Nos moldes atuais, o Cruzeiro não receberá um valor fixo da Adidas, e sim um percentual da venda da empresa aos lojistas. Esse é um dos principais pontos que o Conselho de Notáveis pretende negociar com a marca alemã. O valor por peça para o comerciante seria de R$ 120. Além disso, há royalties de 7% das lojas oficiais do clube e da empresa de comércio eletrônico Netshoes.

Segundo números obtidos pelo Superesportes, o Cruzeiro embolsará, em 2020, 24% do dinheiro proveniente de negociações das peças de fábrica. Em 2021, ano do centenário do clube, a comissão sobe para 27%

Assim, em uma camisa com preço de custo de R$ 120, o Cruzeiro tem direito a 24% - ou seja, R$ 28,80. Já o uniforme vendido pelo lojista, por R$ 249,99, a participação seria de 7% - R$ 17,50. Na somatória, poderá faturar mais de R$ 46 por camisa.

As vendas da nova coleção começaram nas lojas oficiais em 2 de janeiro, dia do aniversário de 99 anos do Cruzeiro. Torcedores formaram filaspara adquirir os produtos da Adidas. Algumas lojas tiveram seus estoques esgotados. As camisas são comercializadas a R$ 249,99, nas versões masculina e feminina, e R$ 229,99, no modelo infantil.

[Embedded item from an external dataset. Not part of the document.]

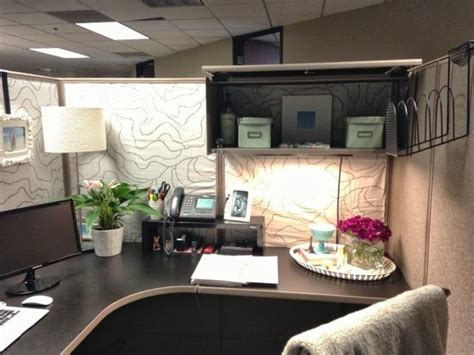 23 Amazing Cubicle Workspace To Make Your Work More Better Cubicle Decor Office Work Office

Fechado pelo ex-vice-presidente de futebol Itair Machado, o acordo com a Adidas é válido até dezembro de 2022, com opção de prorrogação para o fim de 2025. Em agosto, o clube antecipou royalties de R$ 2,5 milhões, a serem compensados por meio de comercialização de produtos. A projeção de arrecadação girava em torno de R$ 7 milhões no primeiro ano de contrato.